— PROBLEM STATEMENT —
When you reach the line below that has "2433 Sardis Chase Court", start returning lines exactly, and stop after the line that has "Peugeot 308 1.6 Bluehdi Allure Grey #34"; skip the pictures.

--- MATERIAL SUPPLIED ---

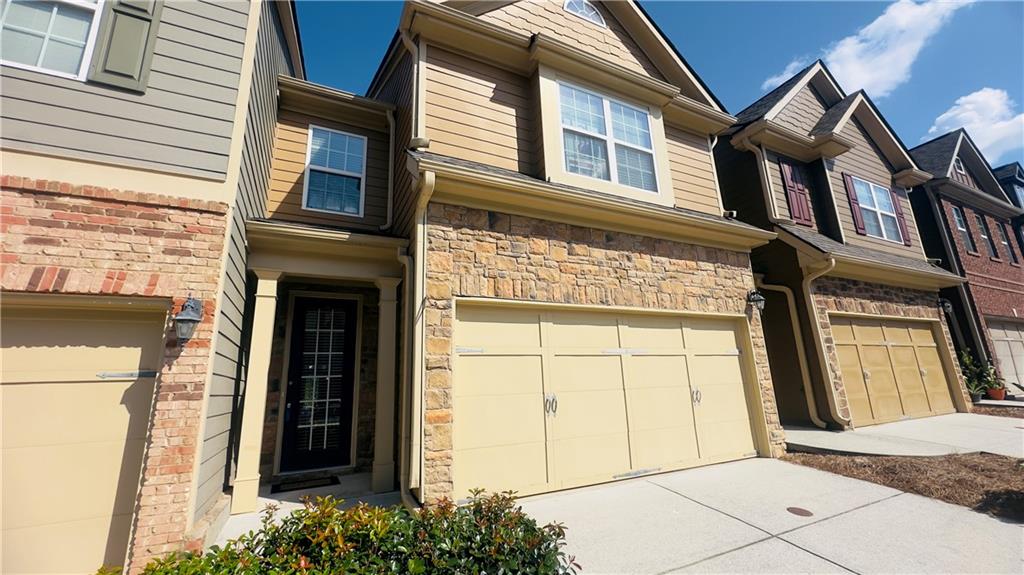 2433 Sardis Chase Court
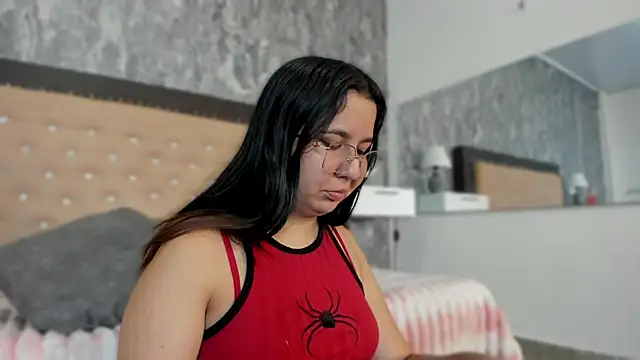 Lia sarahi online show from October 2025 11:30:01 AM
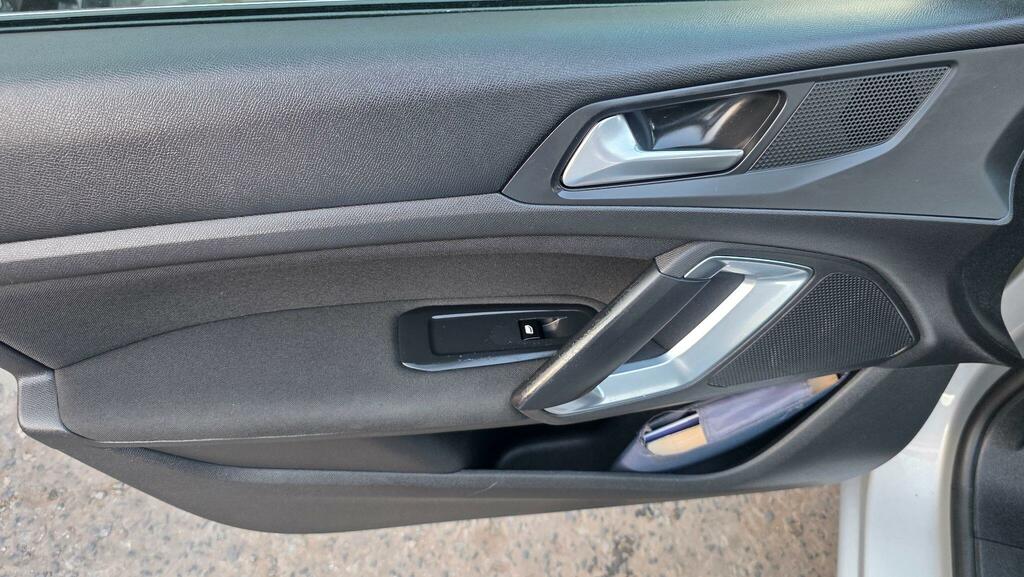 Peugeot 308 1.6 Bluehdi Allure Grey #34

---
--- MATERIAL SUPPLIED ---

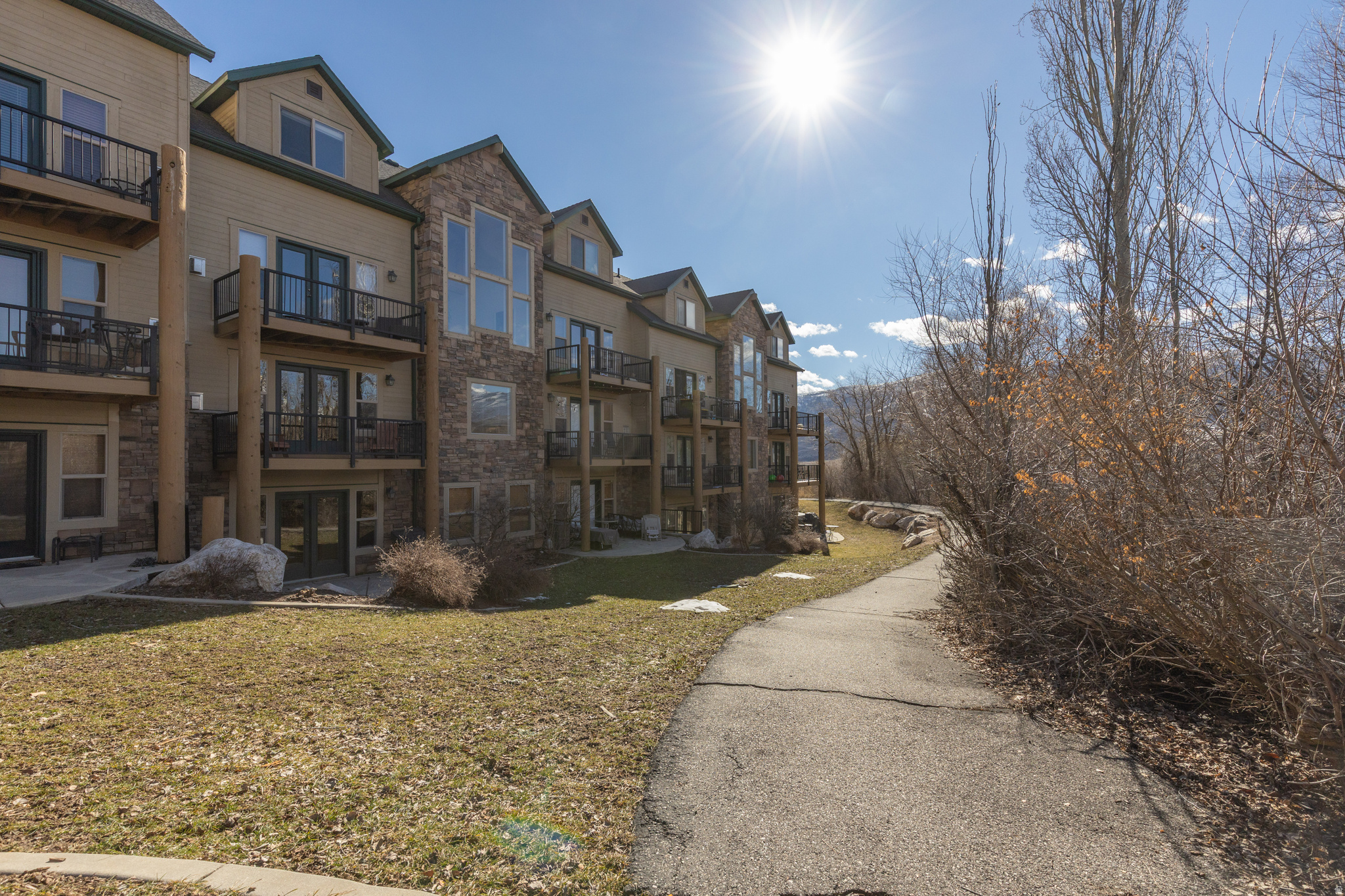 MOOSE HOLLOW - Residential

---
--- MATERIAL SUPPLIED ---

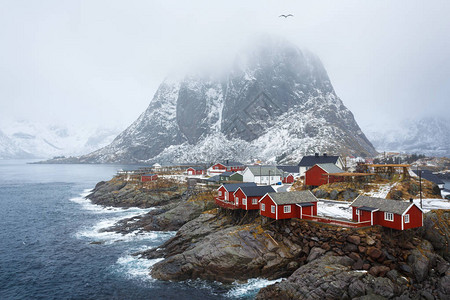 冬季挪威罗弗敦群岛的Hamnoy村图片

---

— SOLVED PROBLEM —
 2433 Sardis Chase Court
 Lia sarahi online show from October 2025 11:30:01 AM
 Peugeot 308 1.6 Bluehdi Allure Grey #34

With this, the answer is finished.